1. A novel power-enhanced evaporation focusing solar seawater desalination device mainly comprises a focusing solar heat collector 8, a solar absorption tube 7, a water-cooled condenser 10, a fresh water storage tank 15, a seawater storage tank 3, a low-pressure pump (I) 1, a low-pressure pump (II) 13 and the like. The solar energy absorption tube 7 is arranged on the focal line of a groove-shaped paraboloid focusing heat collector of the focusing solar heat collector 8, the left end of the solar energy absorption tube is connected with the seawater storage tank 3 through the first pipeline 6 of the absorption tube, seawater enters the solar energy absorption tube 7 from the seawater storage tank 3 through the first pipeline 6 of the absorption tube, and the temperature is raised to reach about 80 ℃ by absorbing solar energy. The right end of the solar absorption pipe 7 is connected with a condensing coil 16 through a second absorption pipe pipeline 9, the condensing coil 16 is located inside the water-cooled condenser 10, the other end of the condensing coil 16 is connected with a fresh water storage tank 15 through a fresh water collecting pipe 19, the upper part of the fresh water storage tank 15 is connected with a low-pressure pump (II) 13 through a second exhaust pipe 14, and the lower end of the fresh water storage tank is connected with a fresh water outlet 21. The lower part of the water-cooled condenser 10 is connected with a cold seawater inlet pipe 18, the upper part is connected with a seawater outlet pipe 4, and the other end of the seawater outlet pipe 4 is connected with a seawater storage tank 3. The upper part of the seawater storage tank 3 is connected with a low-pressure pump (I) 1 through a first exhaust pipe 2.

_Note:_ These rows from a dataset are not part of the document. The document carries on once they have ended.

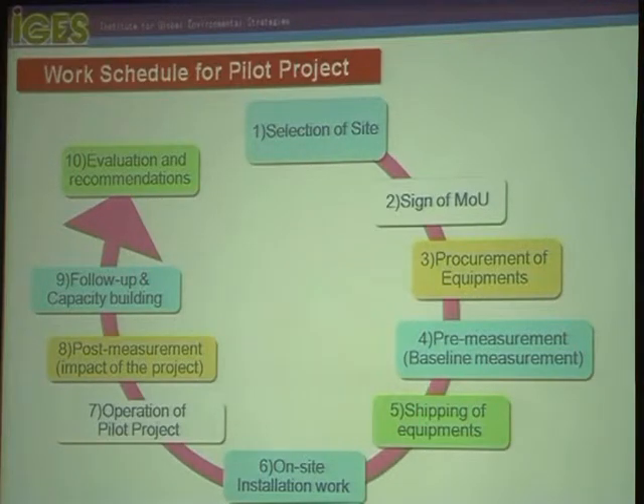The third step is procurement of equipment — we procure equipment from Japanese manufacturers. Concurrently, we conduct pre-measurement, which means baseline measurement, which is very important for us. Then follows shipping of equipment, on-site installation work, and the seventh step is operation of the pilot project. We also intend to conduct precise post-measurement to capture the impact of the project.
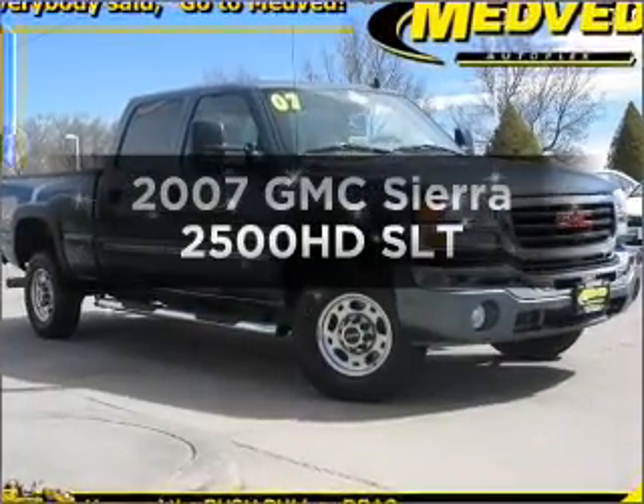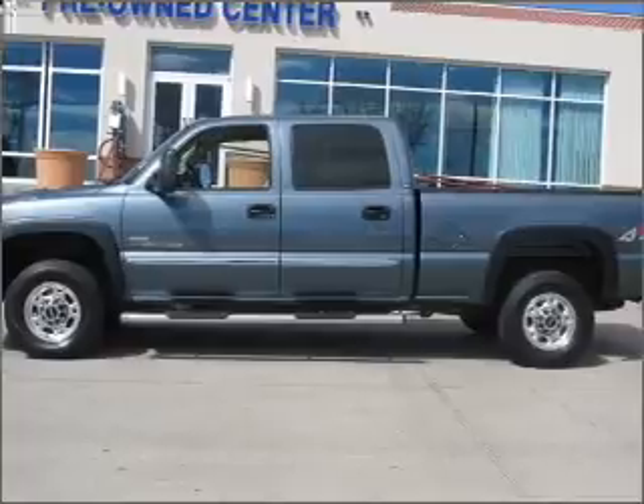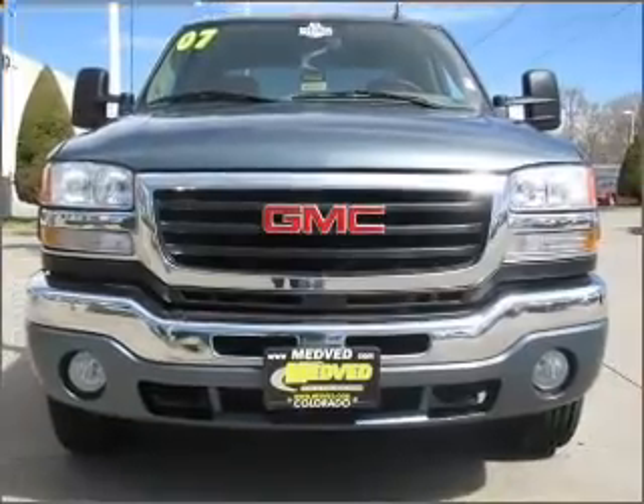Check out this 2007 GMC Sierra 2500 HD. Everything you need under one roof with this great vehicle. With a powerful 8-cylinder engine that responds smoothly to its automatic transmission.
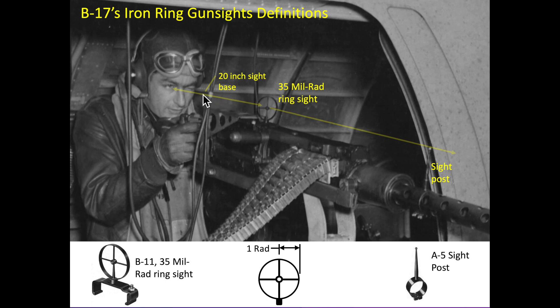Gunners were instructed to keep a 20-inch distance from the 35-mil rad ring sight to their eye. This is called the sight base. Maintaining a 20-inch sight base is essential for range estimation and position deflection firing.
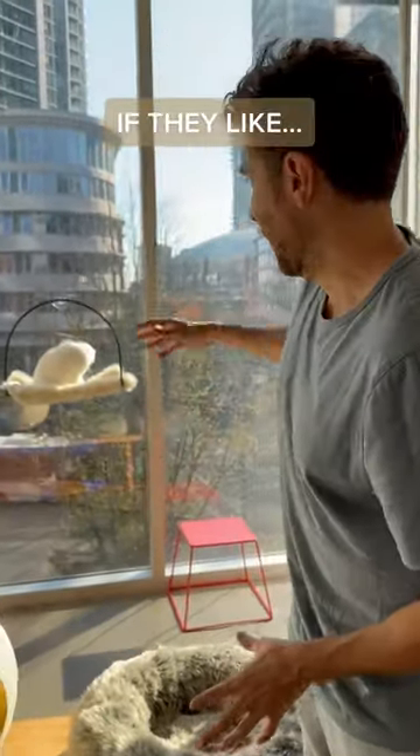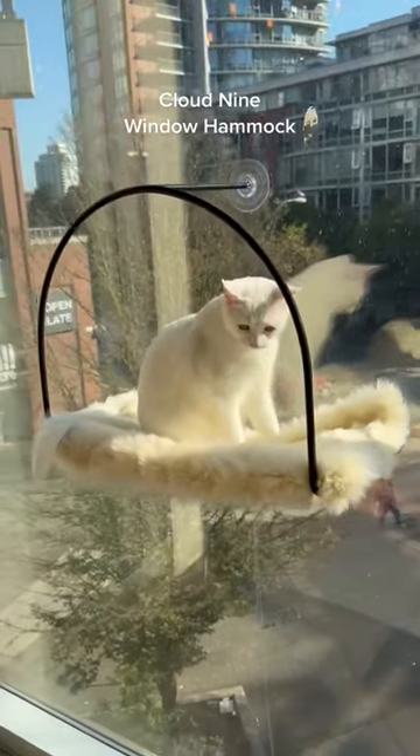And then lastly, if your cat likes to go in high spots, you could opt for something like our Cloud9 window hammock, where they can get a nice little view.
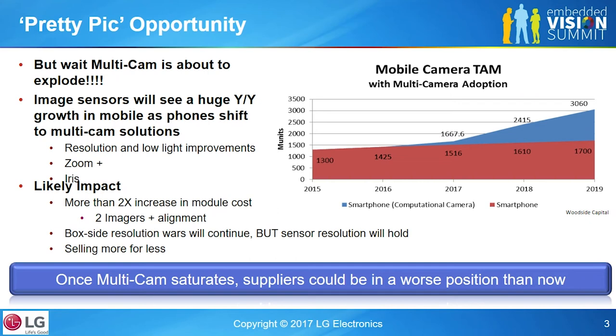That's really great, but the problem is: two 13-megapixel sensors is the same as a big-pixel 16-megapixel sensor. The two 13-meg sensors are cheaper than one big-pixel 16-meg, so I'm not making as much money — those sensors have lower margins. I'll see revenue increase, but margins won't increase at the same rate. And once multi-cam saturates, the sensor guys are going to be in an even worse position.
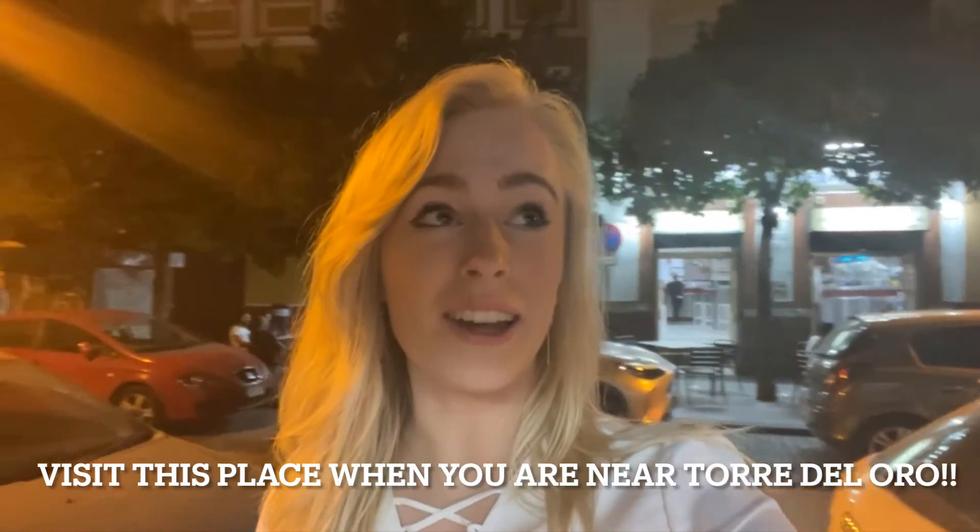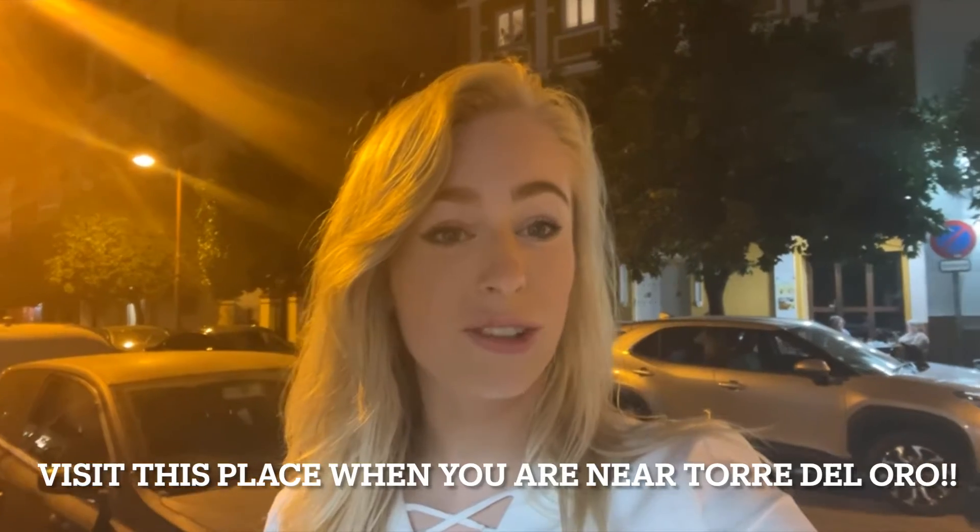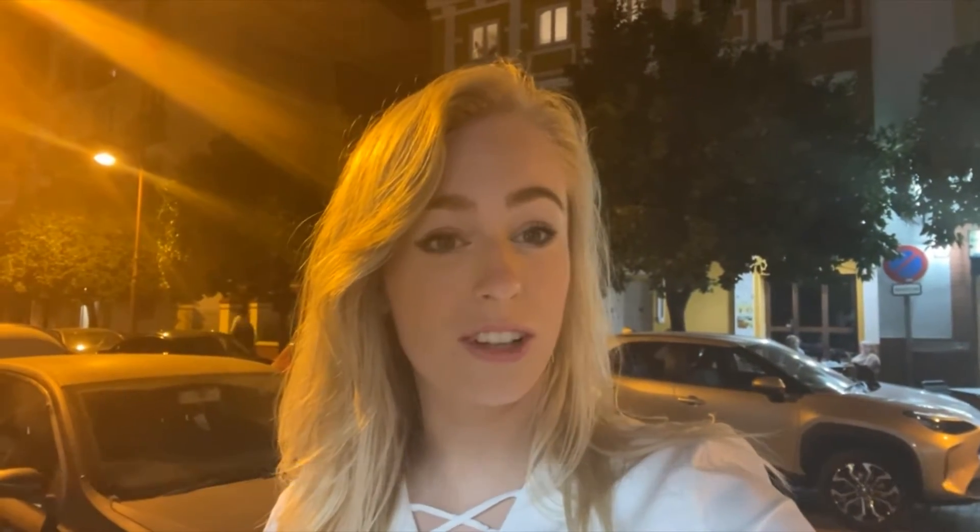Also a very nice place to be at night is Primera del Puente. It's a bar where you drink cocktails and other drinks. It's across Torre del Oro at the Guadalquivir and it's so nice and pretty — look at it.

2. In the novel power-enhanced evaporation focusing solar seawater desalination device, the outer wall of the focusing solar heat collector 8 is made of a galvanized iron plate with the thickness of 1mm, and the periphery of the focusing solar heat collector is insulated by a polyethylene foam plate with the thickness of 40 mm. Its inner wall diameter is 130 mm. The trough-shaped paraboloid focusing heat collectors of the focusing solar heat collector 8 all adopt a single-axis tracking mechanism, and in order to obtain larger total amount of direct solar radiation, the condenser lenses are horizontally arranged in the south and north directions. The heat absorbing pipe of the groove-shaped paraboloid focusing heat collector is tubular, and the periphery of the pipe is separated from the external environment by a glass pipe.

3. In order to reduce the power consumption of the system, the novel power-enhanced evaporation focusing solar seawater desalination device adopts a small low-pressure pump, the input power of the low-pressure pump (I) 1 and the low-pressure pump (II) 13 is 1500W, and the maximum air flow is 248L/min.

4. In order to facilitate the condensation of water vapor in the condensing coil 16 and prevent the water vapor from being taken away by the low-pressure pump (I) 1 and the low-pressure pump (II) 13, the vacuum degree of the system is not as high as possible, so the vacuum degree of the system for boiling the seawater at 80-85 ℃ is selected.